# Using TV as monitor - Cons



## arsenalfan001 (Dec 3, 2012)

Guys,

I am planning to upgrade my 6 years old desktop running on a Intel P4 3.0Ghz (no HT) 
Now, while choosing components, I have a doubt regarding monitor.

I have a 22" samsung LCD TV. It is not too big and it has DVI and HDMI ports so I can use it as a monitor and invest the savings in a ATI 7970 (currently I am looking at ATI 7950).
I want to know what are cons with this approach?
My primary usage will be gaming [games like Max Payne 3 / La Noire / Fifa series]

Kindly help me.
Thanks


----------



## LGWRSherlock (Dec 3, 2012)

arsenalfan001 said:


> Guys,
> 
> I am planning to upgrade my 6 years old desktop running on a Intel P4 3.0Ghz (no HT)
> Now, while choosing components, I have a doubt regarding monitor.
> ...



What is the model number for your LCD TV?  I would say that it all comes down to the specifications of your current TV.  From the games you listed, it would seem that you need a monitor with fast response times in order to have the best experience with your games.  If your current TV has a fast enough response time, then I see no reason why you shouldn't use your current TV as your monitor.

LG WRman Sherlock, out!


----------



## arsenalfan001 (Dec 3, 2012)

Thanks for the quick reply.
I do not have the model number with me now. It is a Series 4, LCD TV - I do not see it in the website now.
What should be the ideal response time to be used as a monitor? around 5ms?


----------



## LGWRSherlock (Dec 3, 2012)

arsenalfan001 said:


> Thanks for the quick reply.
> I do not have the model number with me now. It is a Series 4, LCD TV - I do not see it in the website now.
> What should be the ideal response time to be used as a monitor? around 5ms?



Generally speaking, anything less than 10 ms is okay for gaming.  For very fast paced games, up to 6-8 ms would be good.  Most people will not be able to see a difference from 10 ms and 5 ms, however.  Keep in mind that 1 frame is 16.6 ms, so anything less than that is good for everything else.

LG WRman Sherlock, out!


----------



## arsenalfan001 (Dec 3, 2012)

I think this is the model I have : Here.
I am not getting the response time related information here. Where do i find it?


----------



## LGWRSherlock (Dec 3, 2012)

arsenalfan001 said:


> I think this is the model I have : Here.
> I am not getting the response time related information here.

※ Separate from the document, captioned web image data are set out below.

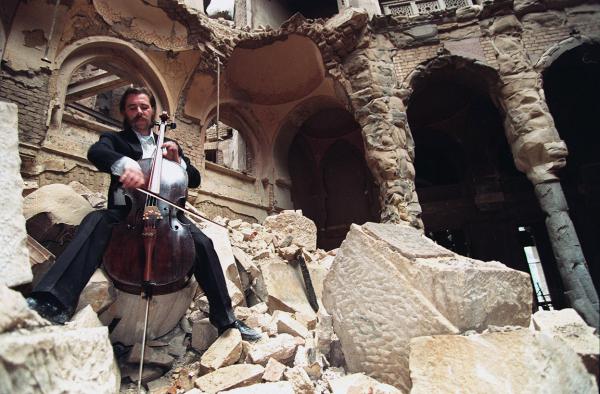 1992. Il violoncellista bosniaco Vedran Smailović suona tra i ruderi della Biblioteca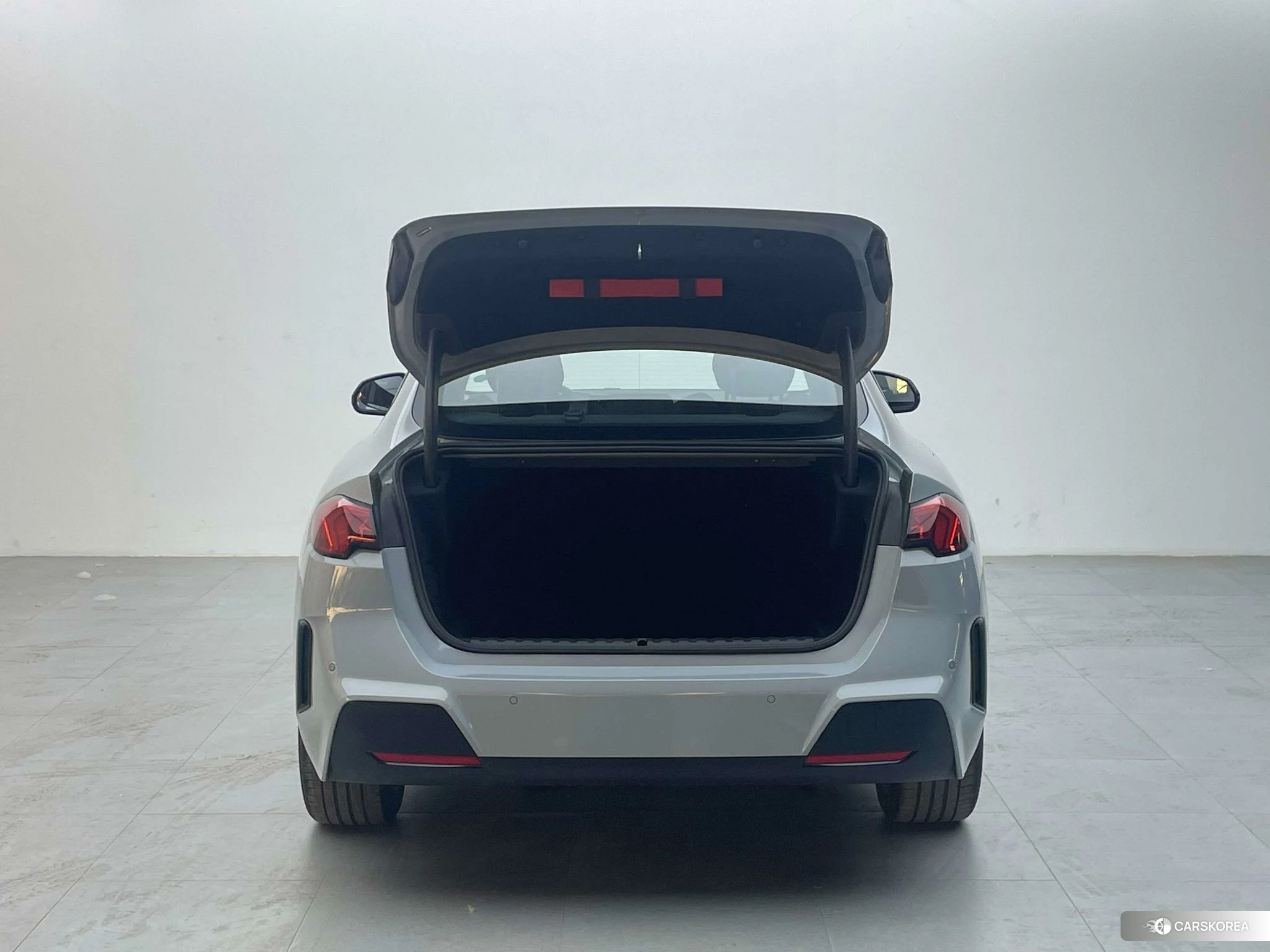 BMW 2 series 2025 Серебристо-серый из Китая, фото 5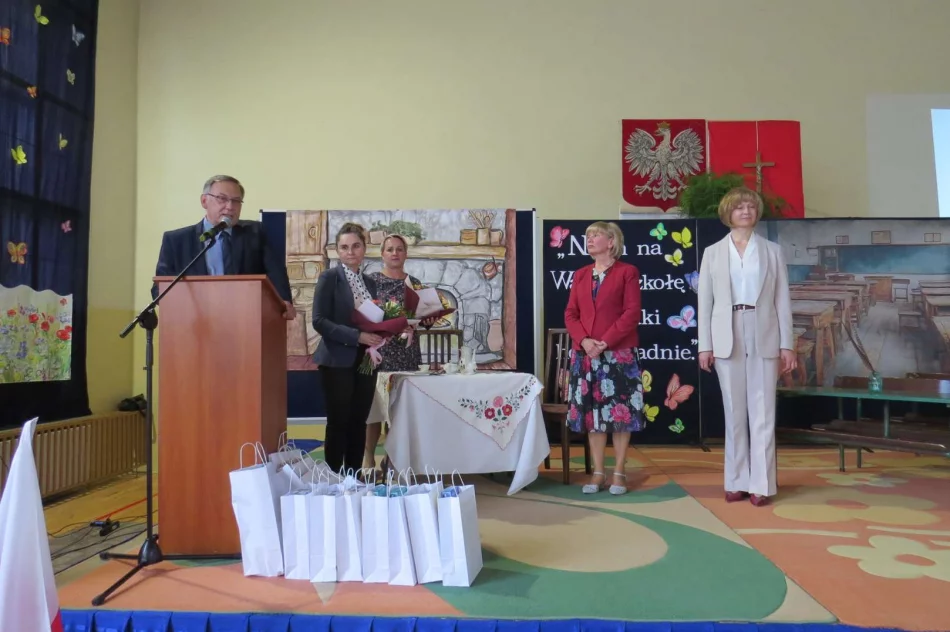 Uroczyste obchody rocznicy urodzin Marii Konopnickiej w Zespole Szkolno-Przedszkolnym nr 1  - zdjęcie 9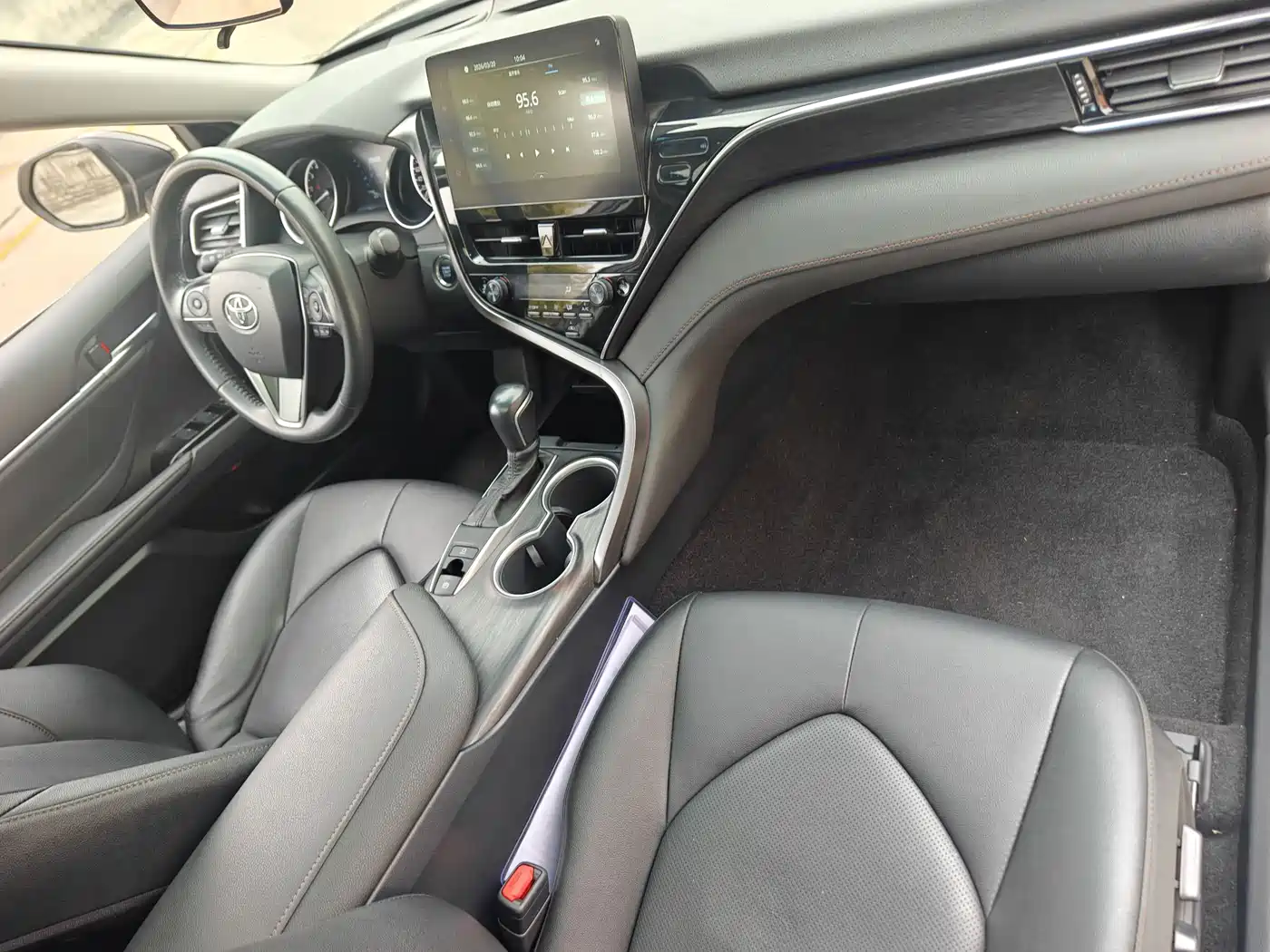 Toyota Camry 2021 2.0G Luxury Edition фото 16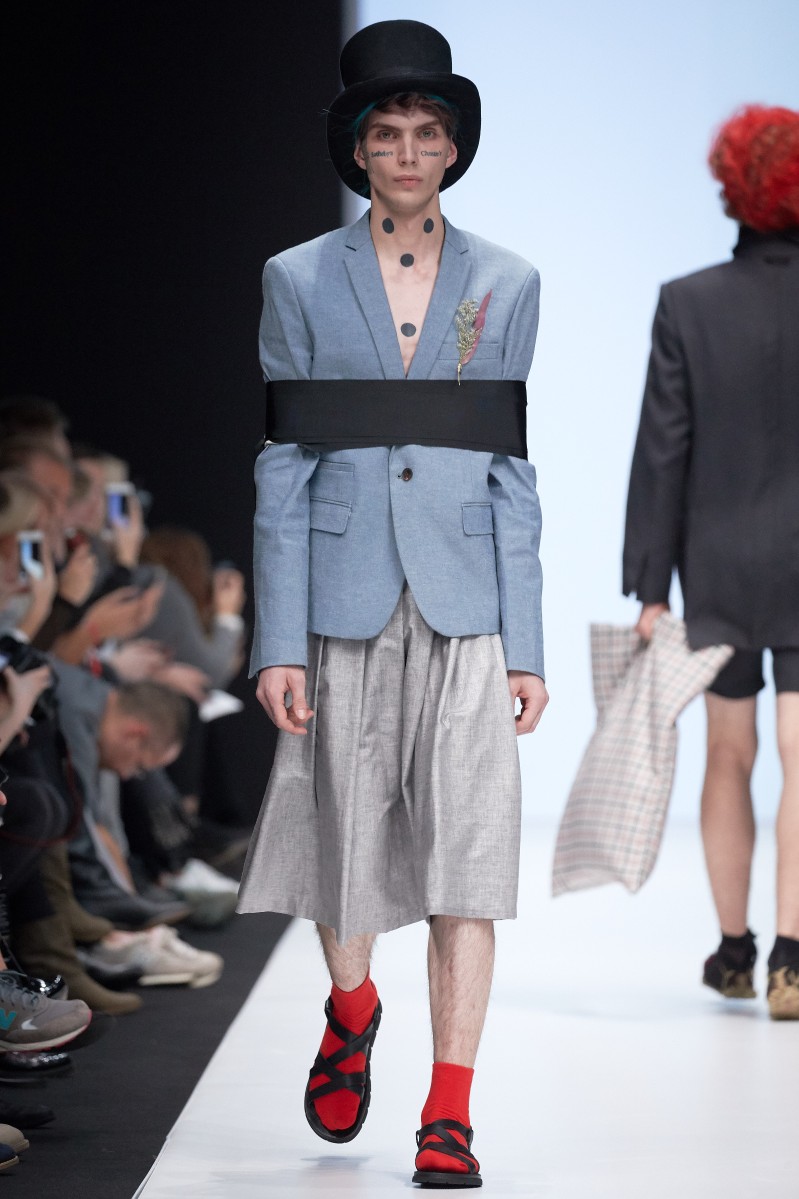 Азиатские мотивы, простые формы и удлиненные силуэты. Всем запомнились необычные рубашки с открытым деталями и пиджаки на голых торсах моделей. А также желтые и красные носки, традиционный элемент одежды Шумова.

Where do i find it?



Manufacturers sometimes do not give information about response times.  I have no idea why, but it happens.  The only way you will be able to find information about it if it's not available on their own website is from reviews.  I tried to do a quick search myself to see if I could find it, but it seems that I have failed as well.  What you should do now is to try out the TV yourself to see if gaming is acceptable.  Try playing Max Payne 3 for an hour or so to see if there is any noticeable trailing in the image -- especially during fast moving scenes.  If you don't notice anything, then it should be fine.

LG WRman Sherlock, out!


----------



## doomgiver (Dec 3, 2012)

the biggest con you are gonna have is the viewing distance. too close, and you will notice the individual pixels. too far and details get lost.

also, some tv's have some part of their screens embedded inside the bezel, so, your desktop might appear a bit cropped off.

forget about response times. you'd have to have an exceptionally bad tv to notice it. modern tv's (made in the last 2-3 years) dont suffer as much from slow response times.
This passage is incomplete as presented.